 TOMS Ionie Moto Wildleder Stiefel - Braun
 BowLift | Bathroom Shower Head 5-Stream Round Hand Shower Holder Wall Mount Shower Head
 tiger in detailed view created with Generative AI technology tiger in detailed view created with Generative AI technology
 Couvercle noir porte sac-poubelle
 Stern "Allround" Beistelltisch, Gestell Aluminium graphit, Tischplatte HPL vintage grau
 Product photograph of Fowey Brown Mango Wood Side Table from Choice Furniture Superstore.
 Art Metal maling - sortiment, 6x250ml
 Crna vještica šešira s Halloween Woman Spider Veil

• • • •

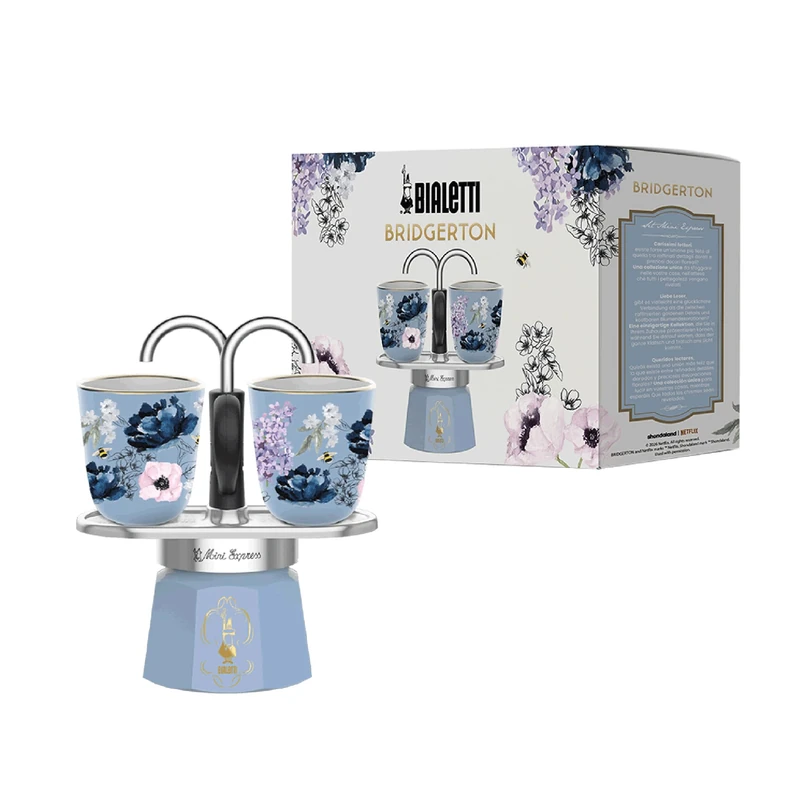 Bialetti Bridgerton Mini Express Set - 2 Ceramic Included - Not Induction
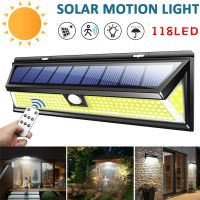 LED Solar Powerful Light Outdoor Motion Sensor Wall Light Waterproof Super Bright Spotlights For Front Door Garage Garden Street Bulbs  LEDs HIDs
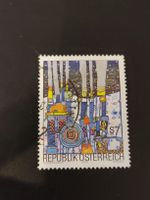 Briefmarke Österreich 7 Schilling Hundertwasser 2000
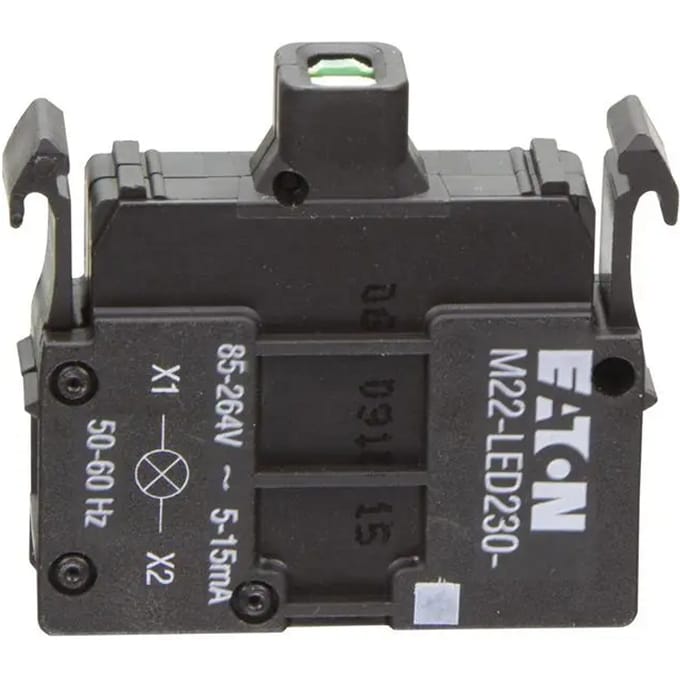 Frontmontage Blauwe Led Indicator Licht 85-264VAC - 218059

• • • •

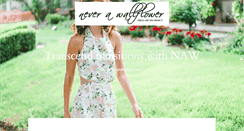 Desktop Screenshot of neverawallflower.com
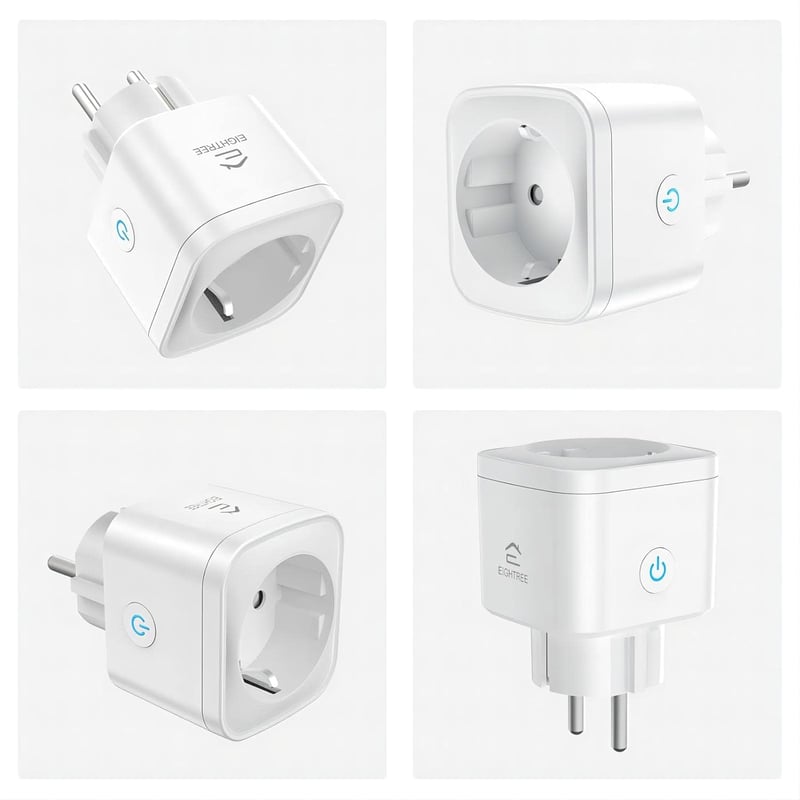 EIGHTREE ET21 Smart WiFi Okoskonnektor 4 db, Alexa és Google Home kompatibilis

• • • •

--- WORK REQUEST ---
The expected output is exactly the lines of the listing above between the line holding "TOMS Ionie Moto Wildleder Stiefel - Braun" and the line holding "Couvercle noir porte sac-poubelle", inclusive.

--- OUTPUT FOR THIS EXERCISE ---
 TOMS Ionie Moto Wildleder Stiefel - Braun
 BowLift | Bathroom Shower Head 5-Stream Round Hand Shower Holder Wall Mount Shower Head
 tiger in detailed view created with Generative AI technology tiger in detailed view created with Generative AI technology
 Couvercle noir porte sac-poubelle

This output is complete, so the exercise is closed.